Only lines holding "Free" are wanted; copy each of them from the records below.

━━ Information shown ━━

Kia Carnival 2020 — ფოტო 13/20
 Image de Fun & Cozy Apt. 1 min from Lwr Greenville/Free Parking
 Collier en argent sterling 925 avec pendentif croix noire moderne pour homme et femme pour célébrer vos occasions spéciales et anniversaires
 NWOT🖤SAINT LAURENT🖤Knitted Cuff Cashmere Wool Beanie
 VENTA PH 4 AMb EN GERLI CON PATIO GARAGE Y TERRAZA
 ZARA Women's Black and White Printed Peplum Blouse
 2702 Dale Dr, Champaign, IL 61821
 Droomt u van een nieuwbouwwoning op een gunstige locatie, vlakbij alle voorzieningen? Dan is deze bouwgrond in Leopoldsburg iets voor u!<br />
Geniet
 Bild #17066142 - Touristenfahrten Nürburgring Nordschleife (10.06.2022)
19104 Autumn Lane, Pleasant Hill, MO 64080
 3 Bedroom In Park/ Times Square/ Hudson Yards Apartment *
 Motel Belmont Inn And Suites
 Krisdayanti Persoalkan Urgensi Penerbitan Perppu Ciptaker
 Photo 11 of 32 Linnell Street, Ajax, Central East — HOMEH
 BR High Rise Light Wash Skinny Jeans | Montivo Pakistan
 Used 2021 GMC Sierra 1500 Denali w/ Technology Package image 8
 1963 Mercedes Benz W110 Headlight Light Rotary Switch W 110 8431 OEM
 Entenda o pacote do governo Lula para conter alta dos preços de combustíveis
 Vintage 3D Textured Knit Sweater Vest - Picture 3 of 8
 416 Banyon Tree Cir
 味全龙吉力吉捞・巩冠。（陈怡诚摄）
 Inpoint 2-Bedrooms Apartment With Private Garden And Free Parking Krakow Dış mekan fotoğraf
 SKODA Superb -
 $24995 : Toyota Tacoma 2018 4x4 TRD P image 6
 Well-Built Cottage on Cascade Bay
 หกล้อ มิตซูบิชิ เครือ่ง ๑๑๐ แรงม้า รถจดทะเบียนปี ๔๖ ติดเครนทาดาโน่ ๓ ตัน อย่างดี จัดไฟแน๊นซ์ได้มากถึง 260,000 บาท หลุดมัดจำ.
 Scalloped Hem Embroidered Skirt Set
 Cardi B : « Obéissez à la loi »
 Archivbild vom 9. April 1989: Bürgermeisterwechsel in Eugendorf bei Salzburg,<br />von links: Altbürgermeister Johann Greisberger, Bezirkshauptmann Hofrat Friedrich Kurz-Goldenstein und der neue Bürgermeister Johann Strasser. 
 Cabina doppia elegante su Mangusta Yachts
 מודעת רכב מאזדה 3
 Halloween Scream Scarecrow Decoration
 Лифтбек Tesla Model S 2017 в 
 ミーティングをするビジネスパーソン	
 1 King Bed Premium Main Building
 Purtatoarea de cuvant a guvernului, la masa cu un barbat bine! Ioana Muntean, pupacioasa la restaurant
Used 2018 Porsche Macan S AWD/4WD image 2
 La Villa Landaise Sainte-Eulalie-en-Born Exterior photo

━━━

Task answer
 Image de Fun & Cozy Apt. 1 min from Lwr Greenville/Free Parking
 Inpoint 2-Bedrooms Apartment With Private Garden And Free Parking Krakow Dış mekan fotoğraf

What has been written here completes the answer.